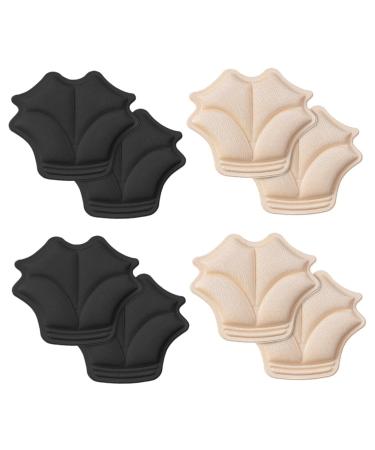 Didiseaon 4 Pairs Anti-Drop Half Size Mat Heel Protectors Heel Pads for Boots Heel Accessory Non- Slip Heel Pad Black Heel Urethra Sandals Women's Replaceable Sponge Adhesive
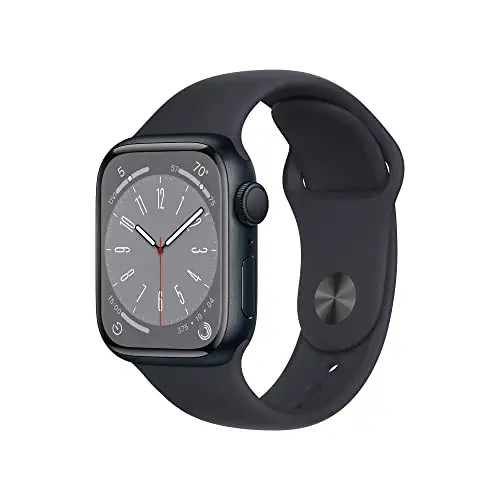 Apple Watch Series 8 [GPS 41mm] Smart Watch w/ Midnight Aluminum Case with Midnight Sport Band - M/L. Fitness Tracker, Blood Oxygen & ECG Apps, Always-On Retina Display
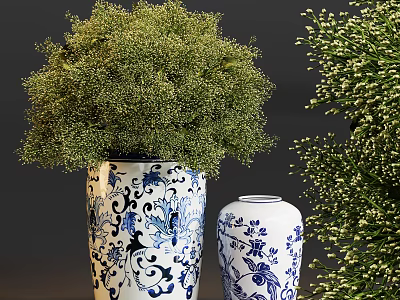 Blue and White Vases with Floral Bird Patterns and Green Flower Bouquets 3d model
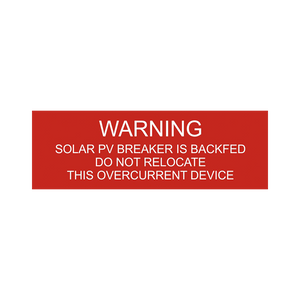 Warning Solar PV Breaker is Backfed - PV-024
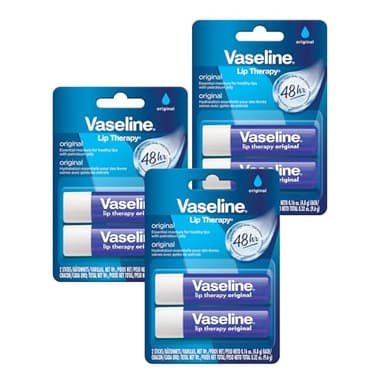 Vaseline Lip Therapy Care Original, Fast-Acting Nourishment, Ideal for Chapped, Dry, Cracked, or Damaged Lips, Lip Balm, 3-Pack of 2, 0.16 Oz Each, 6 Lip Balms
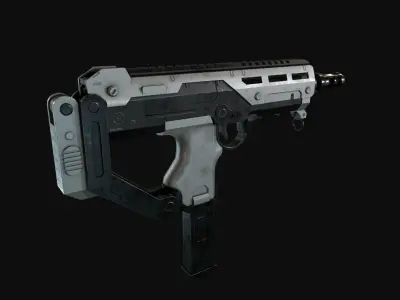 Game-ready SMG gun Low-poly 3D model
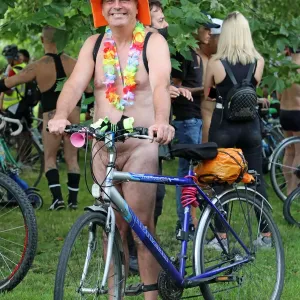Naked cyclists in Hyde Park, London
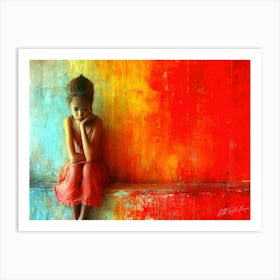 Dream On - Girl On A Bench Art Print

**What you are asked to do:** Extract the full listing above verbatim; pictures are to be left out of the copy.

**Response to the exercise:**
 Didiseaon 4 Pairs Anti-Drop Half Size Mat Heel Protectors Heel Pads for Boots Heel Accessory Non- Slip Heel Pad Black Heel Urethra Sandals Women's Replaceable Sponge Adhesive
 Apple Watch Series 8 [GPS 41mm] Smart Watch w/ Midnight Aluminum Case with Midnight Sport Band - M/L. Fitness Tracker, Blood Oxygen & ECG Apps, Always-On Retina Display
 Blue and White Vases with Floral Bird Patterns and Green Flower Bouquets 3d model
 Warning Solar PV Breaker is Backfed - PV-024
 Vaseline Lip Therapy Care Original, Fast-Acting Nourishment, Ideal for Chapped, Dry, Cracked, or Damaged Lips, Lip Balm, 3-Pack of 2, 0.16 Oz Each, 6 Lip Balms
 Game-ready SMG gun Low-poly 3D model
Naked cyclists in Hyde Park, London
 Dream On - Girl On A Bench Art Print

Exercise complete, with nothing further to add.